▶ **Task details**
For the listing below, return the line containing "Vielsalm Apartment |", the line containing "Vienna House Easy By Wyndham Kattowitz", and all lines in between, exactly as written and nothing else.

═════ Data ═════

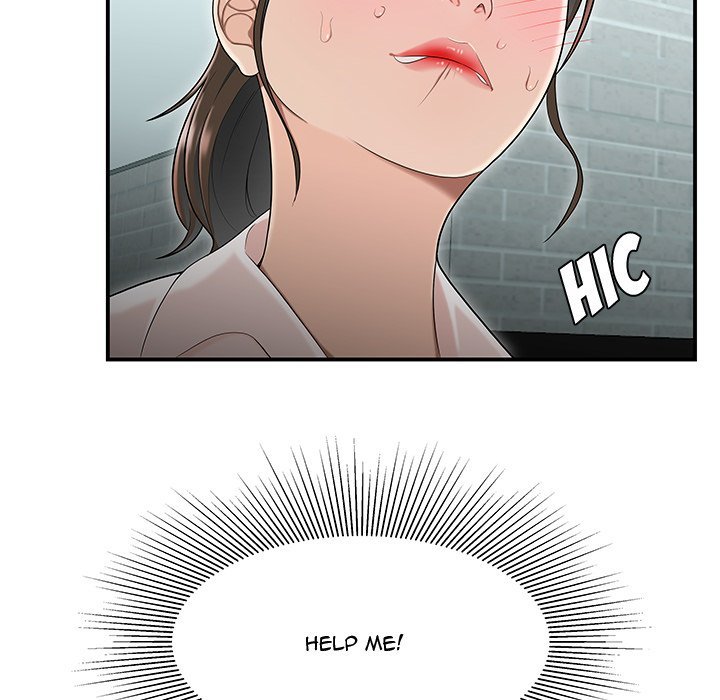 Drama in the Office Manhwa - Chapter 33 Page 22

═════
═════ Data ═════

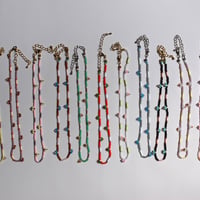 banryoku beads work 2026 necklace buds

═════
═════ Data ═════

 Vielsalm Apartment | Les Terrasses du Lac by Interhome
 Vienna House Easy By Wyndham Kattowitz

═════

▶ **Answer for this exercise**
 Vielsalm Apartment | Les Terrasses du Lac by Interhome
 Vienna House Easy By Wyndham Kattowitz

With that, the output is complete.